Existe a hipótese de, em Pernambuco, a eleição para governo ser definida no primeiro turno. Mas é improvável. Existem cinco candidaturas fortes na disputa, entre as quais, uma à frente com largueza, o que garante a ida para o segundo turno, e quatro emboladas disputando segundo lugar, entre elas o candidato oficialmente apoiado pelo presidente Lula, mas que carrega nas costas os anos de domínio do seu partido no estado de Pernambuco e seu descaso com a vida do povo, além do seu próprio clamor entusiasta no momento do golpe de 2016. Claro que o chamado ‘peso da máquina’ e o apoio de Lula podem alavancar esta candidatura, mas, sem dúvida, a disputa irá para o segundo turno.

Pensando que a eleição para governo é em dois turnos, talvez a escolha seja mais fácil. Sim, porque o voto no primeiro turno pode ser mais de acordo com suas convicções políticas, com partidos e/ou visões de mundo que te interessa fortalecer na democracia brasileira. É aí que as candidaturas mais à esquerda podem crescer. Mas isso depende da capacidade de articulação e do fomento ao debate programático, construído a partir das pautas das lutas sociais. O discurso indiferenciado e insosso é o maior adversário deste campo político. Das posições programáticas adotadas depende o crescimento ou não das campanhas de esquerda para o Governo do Estado, mas sem esperança que uma delas chegue ao segundo momento da disputa.

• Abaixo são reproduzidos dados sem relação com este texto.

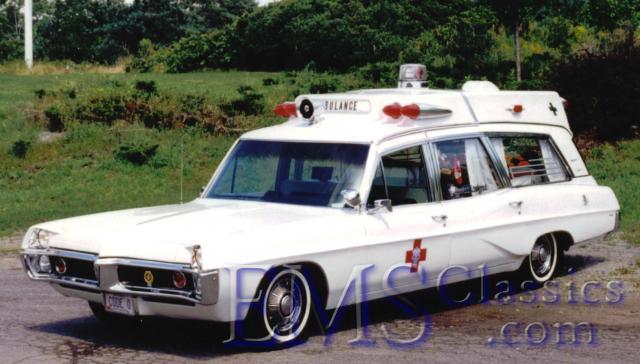 1967SuperiorPontiac,GrimsbyON01,photoDinoMorson.jpg
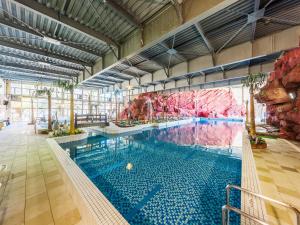 Mikazuki Sea-Park Hotel Awa Kamogawa - Guest Services and Policies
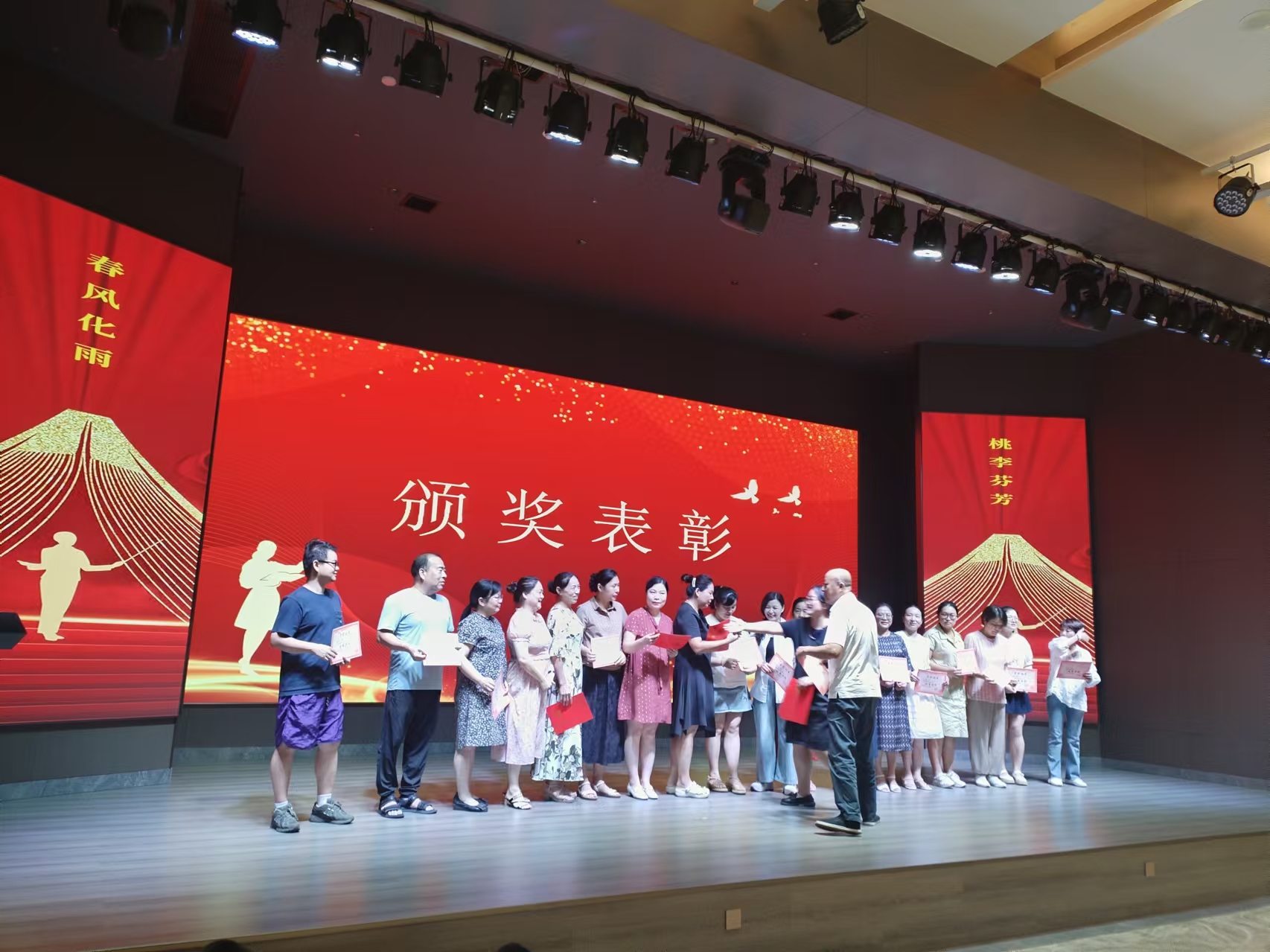 9月10日，曙光學(xué)校教師節(jié)文藝晚會(huì)在湖南精正溢香園酒店舉辦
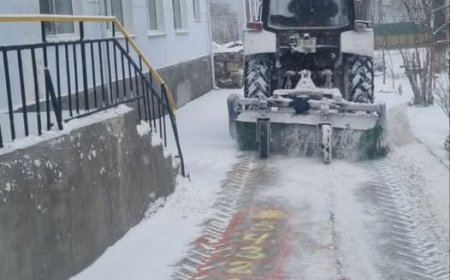 În preajma și pe teritoriul grădinițelor, școlilor și liceelor municipalei, se lucrează la deszăpezire și aplicarea mate...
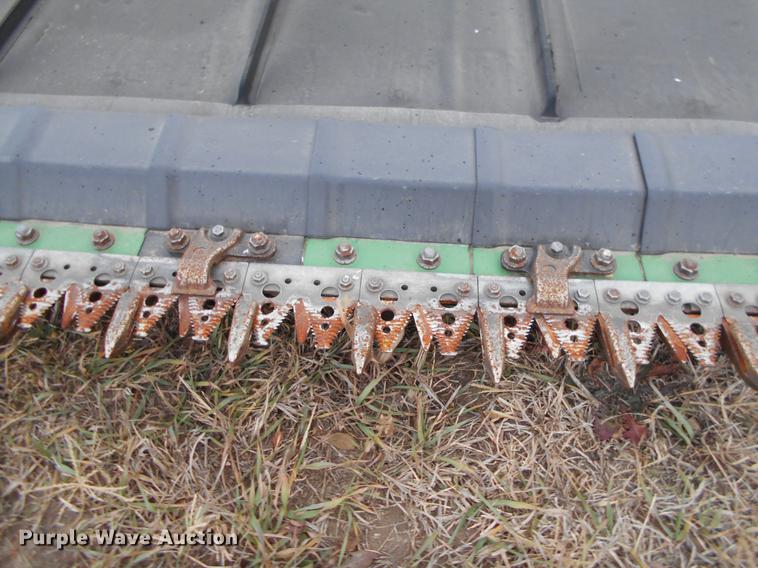 image for item DC2387 2013 John Deere 635FD flex draper head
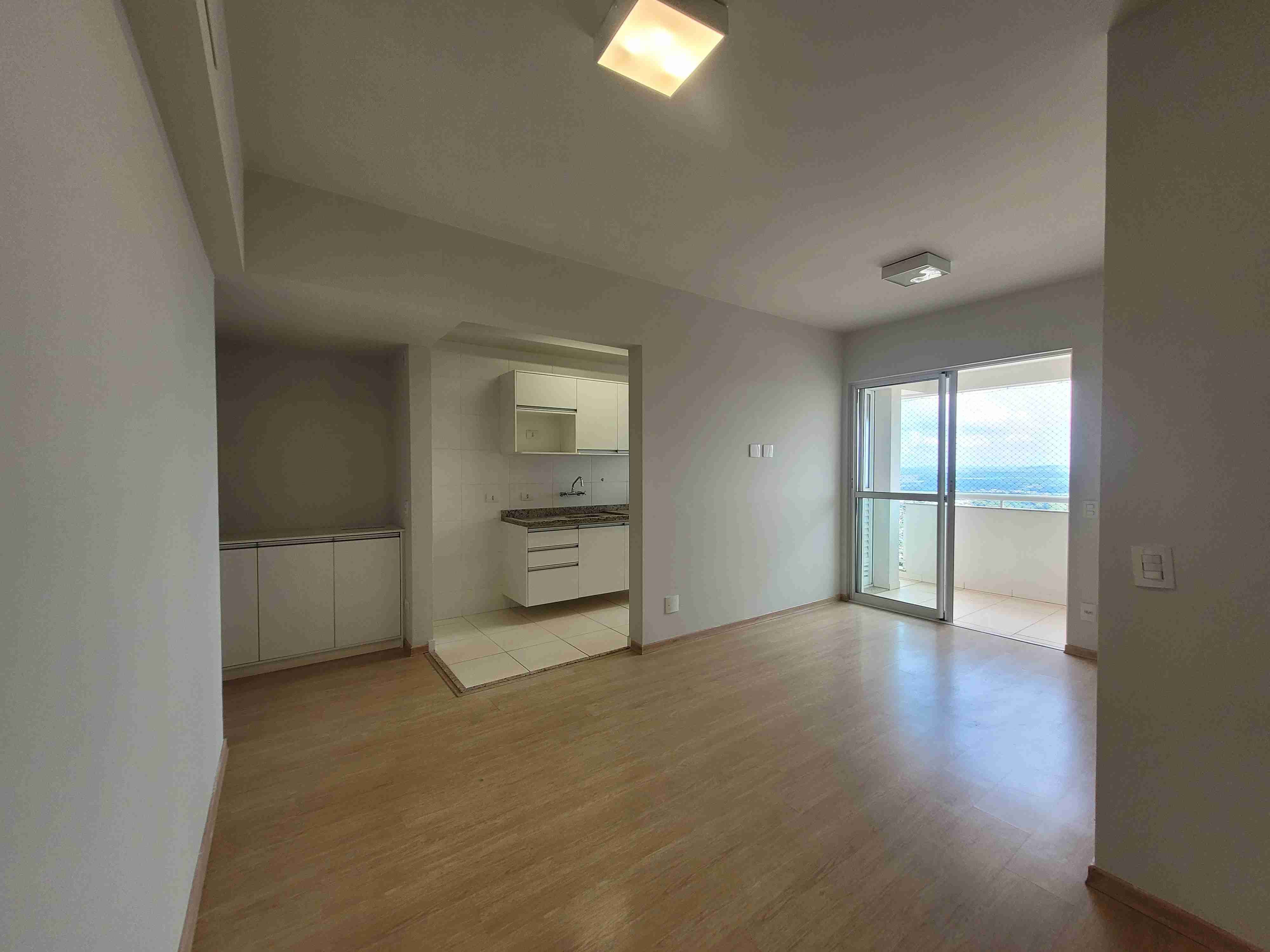 Apartamento à venda no Edifício Reserva Santana,  75m² úteis, 3 quartos sendo 1 suíte,Gleba Fazenda Palhano, Londrina, PR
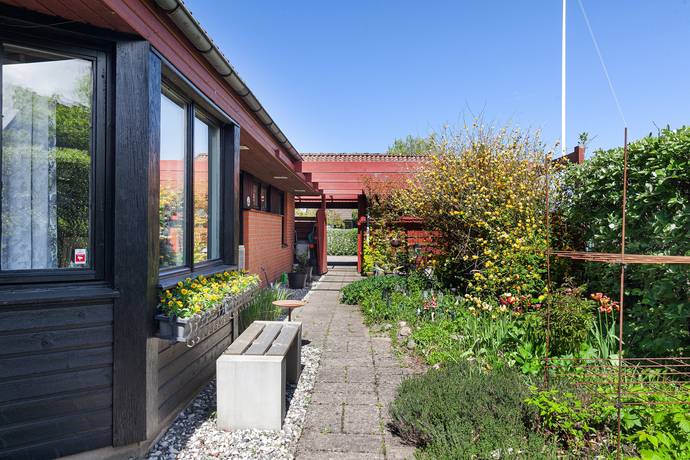 8 rum villa på Rättarevägen 50 Östra Lerberget, Höganäs kommun - bild 2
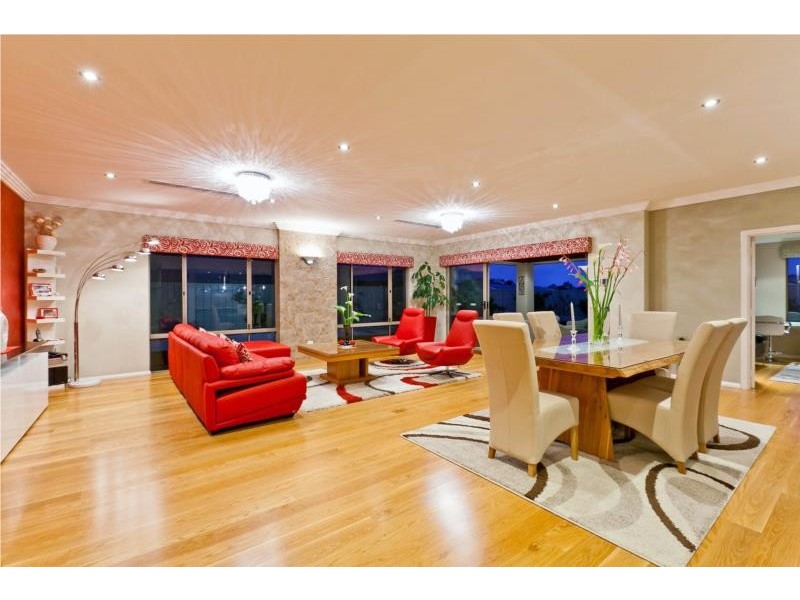 53 Buckingham Road, Swan View WA 6056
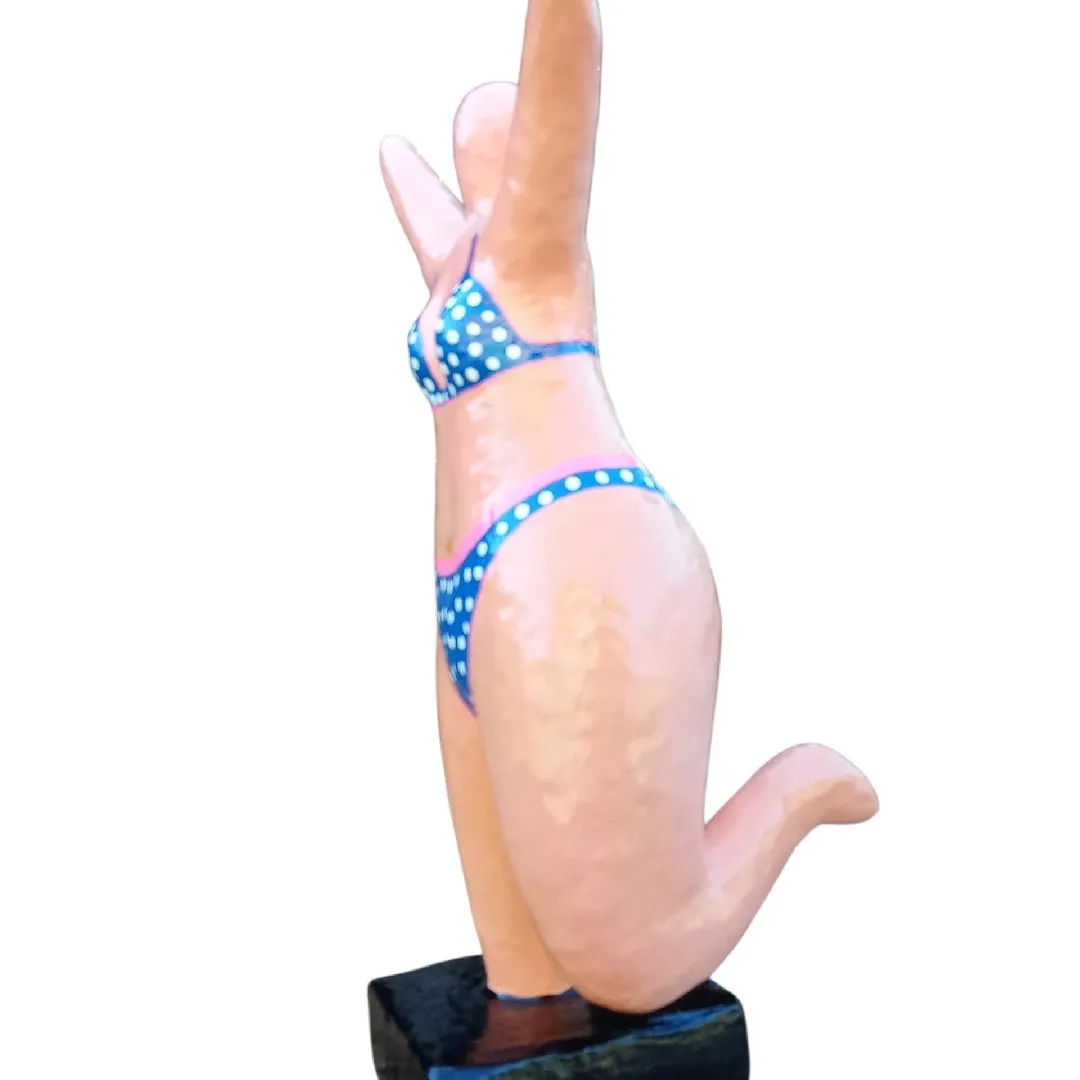 Escultura de uma mulher em movimento - foto 4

No segundo turno, ocorrem novas composições político partidárias, e é possível configurar um novo espectro político nas candidaturas em disputa. O voto da militância de esquerda pode ir para aquela candidatura que apoiou Lula no primeiro turno. Na hipótese das duas terem feito isso, pode ir para a candidatura que o apoiou desde sempre. Parece apenas um jogo de palavras, mas pode ser uma estratégia para definições individuais e/ou para a escolha política de coletivos e movimentos que têm disposição para entrar na campanha eleitoral, contribuindo com esse momento histórico.

* Carmen Silva é socióloga, constrói o SOS Corpo Instituto Feminista para a Democracia, é militante do Fórum de Mulheres de Pernambuco e da Plataforma dos Movimentos Sociais pela Reforma do Sistema Político.